The IMF had cancelled all debt (US $ 268 million) of Haiti after the earthquake hit it earlier this year. The cancellation is given through the newly-established Post-Catastrophe Debt Relief Trust Fund, set up for this purpose. Pakistan hit by disaster can also resort to it.

Beginning in 1996, developed countries, under the Heavily Indebted Poor Country Initiative and the Multilateral Debt Relief Initiative, cancelled debt of $110 billion, $93 billion of which was in African countries. The countries agreed to channel their debt savings to poverty reduction. As a result, poverty reducing spending by HIPC-countries increased by the same amount by which their debt-service decreased.

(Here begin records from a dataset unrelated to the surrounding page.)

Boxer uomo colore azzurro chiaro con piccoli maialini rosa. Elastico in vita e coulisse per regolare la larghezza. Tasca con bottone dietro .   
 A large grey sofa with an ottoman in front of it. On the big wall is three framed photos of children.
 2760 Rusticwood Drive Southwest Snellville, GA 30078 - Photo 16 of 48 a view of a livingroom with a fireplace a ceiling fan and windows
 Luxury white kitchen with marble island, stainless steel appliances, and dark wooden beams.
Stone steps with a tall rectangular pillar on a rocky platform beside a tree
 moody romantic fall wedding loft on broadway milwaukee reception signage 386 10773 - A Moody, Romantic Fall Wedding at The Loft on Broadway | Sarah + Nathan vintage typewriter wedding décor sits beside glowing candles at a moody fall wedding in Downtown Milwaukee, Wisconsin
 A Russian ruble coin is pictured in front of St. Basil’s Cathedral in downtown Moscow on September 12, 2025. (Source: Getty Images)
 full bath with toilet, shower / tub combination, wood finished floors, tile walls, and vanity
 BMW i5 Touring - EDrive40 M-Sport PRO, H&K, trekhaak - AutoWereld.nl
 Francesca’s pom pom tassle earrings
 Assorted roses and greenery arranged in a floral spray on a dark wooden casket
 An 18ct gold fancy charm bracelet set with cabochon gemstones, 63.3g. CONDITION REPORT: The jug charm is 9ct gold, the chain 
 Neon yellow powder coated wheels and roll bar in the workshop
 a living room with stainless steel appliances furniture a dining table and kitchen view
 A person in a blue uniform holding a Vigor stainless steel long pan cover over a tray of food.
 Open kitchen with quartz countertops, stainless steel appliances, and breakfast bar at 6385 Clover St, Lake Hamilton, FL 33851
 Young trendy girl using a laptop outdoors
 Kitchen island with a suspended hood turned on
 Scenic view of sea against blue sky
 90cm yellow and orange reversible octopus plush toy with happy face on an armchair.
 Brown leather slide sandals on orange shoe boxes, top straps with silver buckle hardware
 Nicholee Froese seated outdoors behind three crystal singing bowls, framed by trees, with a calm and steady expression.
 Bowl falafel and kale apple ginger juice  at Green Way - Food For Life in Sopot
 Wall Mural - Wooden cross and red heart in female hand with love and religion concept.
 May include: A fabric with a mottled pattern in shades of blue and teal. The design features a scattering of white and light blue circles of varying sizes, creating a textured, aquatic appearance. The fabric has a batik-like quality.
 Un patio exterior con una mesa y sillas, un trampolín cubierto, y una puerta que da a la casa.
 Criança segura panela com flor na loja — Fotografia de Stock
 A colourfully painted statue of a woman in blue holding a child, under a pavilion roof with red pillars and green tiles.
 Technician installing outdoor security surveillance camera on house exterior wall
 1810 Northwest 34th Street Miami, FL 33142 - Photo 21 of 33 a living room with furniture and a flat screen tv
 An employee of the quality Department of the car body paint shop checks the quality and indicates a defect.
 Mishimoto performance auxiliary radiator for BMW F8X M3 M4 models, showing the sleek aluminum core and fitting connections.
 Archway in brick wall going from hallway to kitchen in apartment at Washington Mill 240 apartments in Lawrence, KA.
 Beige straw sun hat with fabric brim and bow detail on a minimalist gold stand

Success can be replicated in other countries like Pakistan where expenditure on health and education combined is less than two percent of the GDP.

Another argument that can be put forward is that all the foreign debts incurred by various regimes did not benefit the people of Pakistan. Argentine’ economy was badly hit by economic crisis after 2001. So its president announced the biggest unilateral suspension of foreign debt of more than $80b.

Pakistan’s current debt-to-GDP ratio is around 62 percent, exceeding the 60 percent limit set under the Fiscal Responsibility and Debt Limitation Act. Pakistan is fast approaching to the debt-to-GDP ratio of 80 percent, which according to WB is default stage. Pakistan’s external debt has doubled in the past four years alone and the government is currently spending more than four times as much per person on servicing external debt than on healthcare.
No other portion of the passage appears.